A credere agli intellettuali (più o meno organici) del ‘blocco sociale’ sconfitto  nelle ultime elezioni, l’Italia è sull’orlo di un vulcano. Come scrive Giovanni Sartori, lo studioso liberale che, tanti anni fa, lasciò l’Italia per paura dei ‘rossi’, nell’editoriale del ‘Corriere della Sera’ del 5 luglio u.s., Gli onorevoli in soggezione:<Siamo al sultanato, alla peggiore delle corti. Cavour diceva: meglio una Camera che un’anticamera. Ma quando un’anticamera si sovrappone alla Camera, non so più cosa sia peggio>. Altro che la pubblicistica dei ‘moribondi di Montecitorio’, ai quali indulgevano l’Italia umbertina e quella giolittiana: qui siamo alla squalifica  totale dell’organo più alto in cui si esprime la sovranità popolare! L’autore di queste espressioni così irresponsabili non può ignorare che a prenderle seriamente se ne dovrebbe dedurre che la legittimità democratica dalle Camere è passata alla Piazza. Chi semina vento raccoglie tempesta. Non ci si stupisce, pertanto, nel leggere ,nell’articolo di Oliviero Beha pubblicato sull’Unità il 13 luglio u.s., Dalla parte della Piazza:< Chiunque attenti alla Costituzione, dal primo (cittadino) all’ultimo (cittadino), deve sapere che non lo farà con il consenso più o meno tacito e più o meno elettorale degli italiani. Giusta la piazza, allora, e meno male che era piena>. Con la conclusione inevitabile : <se il Paese fosse ridotto come infatti è, e quindi bisognoso di svegliare le coscienze, e ci fosse stato sul palco qualcuno di caratura superiore, forse non saremmo ridotti come siamo, a dibattere intorno a un cratere. Abbiamo insomma un palco ’logico’ proporzionato al Paese in avviata decadenza. Vi aspettavate il Che? Ma via…>. C’è da rimanere sgomenti e non tanto per  la difesa d’ufficio di discorsi pieni di ‘sbavature’—per citare l’ineffabile commento di Di Pietro agli interventi di Sabina Guzzanti e di Beppe Grillo—quanto per la riaffermazione di un principio che era il cuore dell’ideologia fascista: quando il Parlamento diventa un’<aula sorda e grigia> asservita al padrone di turno, al popolo sovrano non resta che scendere in piazza! Ad Oliviero Beha e a Paolo Flores d’Arcais, probabilmente sorride il giorno in cui –‘sfasciato il Cavaliere   non dai manganelli delle camice nere ma dalle sentenze dei giudici—potranno ascendere al Colle e portare a un tetro Presidente della Repubblica <l’Italia di Piazza Navona redenta dalle nostre vittorie>.

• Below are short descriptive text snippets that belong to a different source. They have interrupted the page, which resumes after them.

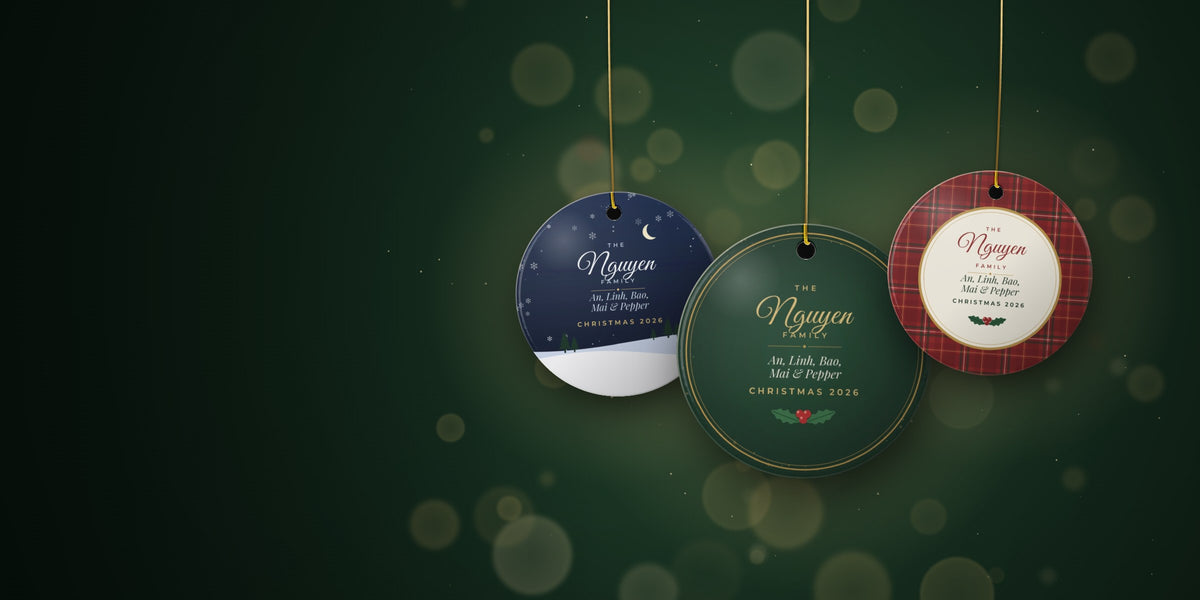 Three personalized Kindred Bough ceramic family ornaments hanging on gold strings against a deep evergreen background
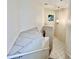 White tiled staircase with a small window and chandelier at 439 Bouchelle Dr # 202, New Smyrna Beach, FL 32169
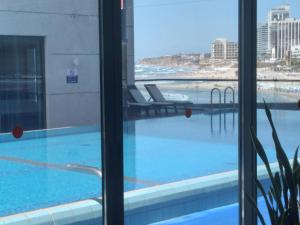 vista para uma piscina a partir de um quarto de hotel em Marina vaction rentals em Herzliya B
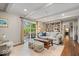 Living room offers wood floors, a cozy sofa, and built-in shelving, with a sliding door, for an inviting interior at 5958 Cape Cod Ct, Indianapolis, IN 46250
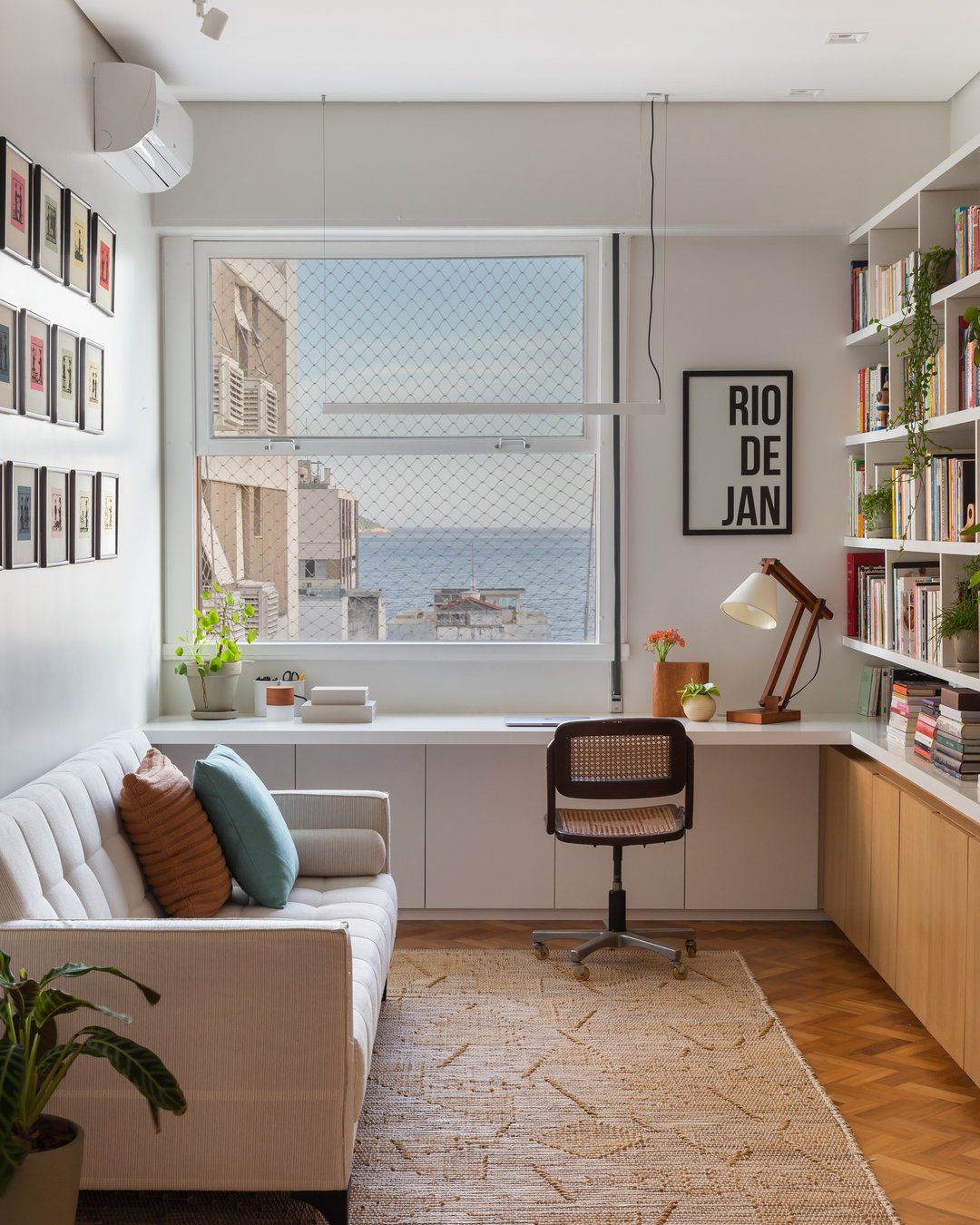 A tidy corner workspace in a small apartment bedroom, with a folding desk, monitor riser, and a single architectural lamp casting warm directional light over a keyboard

 Ma c’è un altro aspetto, negli ‘ultimi casi d’Italia’, che non finisce di stupire ed è il credito che giuristi, filosofi del diritto, letterati, artisti danno, de facto, a politici come Antonio Di Pietro e a comici bolliti (come comici, s’intende) tipo Beppe Grillo:è come se, dialetticamente, il maximum di raffinatezza e di snobismo intellettuale si rovesciasse in ammirazione incondizionata della  cafonaggine e del demagogismo urlato. Non che manchi una divisione delle parti in commedia.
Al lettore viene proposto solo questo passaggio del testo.